Supervivencia
Excelente momento, tan bueno como otro cualquiera, para considerar la defensa y amparo de la especie biológica a la que pertenecemos. Animales, vegetales e incluso minerales disponen de valedores que les garantizan la supervivencia. Las que fueron alimañas exterminables, los lobos depredadores, las sanguinarias panteras, las grandes aves carroñeras tienen bien definidos estatutos de salvaguarda y ¡ay del que les toque un pelo, una pluma o un pétalo! Personas, entidades, presupuestos, consideraciones obligatorias resguardan a la mayoría de las criaturas, con la excepción del ser humano. De acuerdo; todo ente vivo tiene derecho a seguir siéndolo. Quizás la ya provecta Brigitte Bardot pase a la historia como auxiliadora de gatos, focas, nutrias y visones, con olvido de su gloriosa época como sex symbol que generaba para Francia más divisas que la exportación del vino de Burdeos. O esa otra veterana revolucionaria, la atractiva Jane Fonda, cuyo mérito, para quienes fuimos sus contemporáneos, fue la admiración que despertaba al cuidar más de su epidermis que del pellejo de los animales perseguidos.
No ocultamos nuestra simpatía hacia ese otro mamífero que se inmola en guerras civiles, de invasión, de conveniencia, tribales, de independencia o de la clase que sean, mueren a chorros o son mutilados por la variedad de ingeniosas bombas y minas, tanto personales como de consecuencia tumultuaria. Hay que convenir, sin embargo, que parecen mejor defendidos el lobo que devora a la oveja, el rinoceronte que atropella al negro o el cernícalo que apresa al conejo o a la cabra, que los seres humanos. Dentro de lo que es la convivencia en las grandes urbes, bueno sería celebrar el solidario uso que se hace de las grandes calles o avenidas, que sirven de lecho, no sólo al tráfico rodado, sino a la profusión de manifestaciones ciudadanas y al desarrollo de las industrias de la pancarta, la pegatina y la banderola. Frente a la indiferencia de otras edades, se multiplica hoy el irresistible derecho a salvar al prójimo, incluso contra sus convicciones. En eso nuestra Villa y Corte es adelantada en el mundo. Si Albacete se honra con ser la patria de la cuchillería, Madrid puede presumir de sede de las más numerosas y consecutivas algarabías populares, lo que vendría a mitigar, en cierta medida, la decepción por no haber logrado la designación olímpica.
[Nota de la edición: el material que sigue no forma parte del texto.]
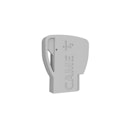 Vorschaubild TraumGarten Connect-Gateway für Doppeltorantrieb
Dejemos para ingenios más competentes y sesudos el problema de las guerras, el hambre, el genocidio, la depauperación de pueblos enteros para tratar de los semejantes inmediatos que comparten la convivencia y que son también merecedores de algún tipo de seguridad. Están entre nosotros y la dura ley de la jungla ciudadana va a acabar con ellos, sustituidos por otras especies advenedizas y agresivas que anuncian su extinción. Por ejemplo, un prototipo muy madrileño en trance de extinción: el carterista, que antes birlaba bolsillos y faltriqueras sin violencia y con arte. Le sustituye el zafio delincuente que opera sin la menor delicadeza, incluso con brutalidad e intimidación. El metro de Madrid, del que tan ufanas se muestran las autoridades autonómicas y municipales, parece invadido por gente venida de fuera que actúa con especial brutalidad. Si velamos por la conservación del quebrantahuesos y del zorro ladrón, ocupémonos del habilidoso ratero de finos dedos. Algo habría que hacer al respecto para tutelarles, amén de reforzar las fronteras y aduanas contra el inmisericorde atracador extranjero.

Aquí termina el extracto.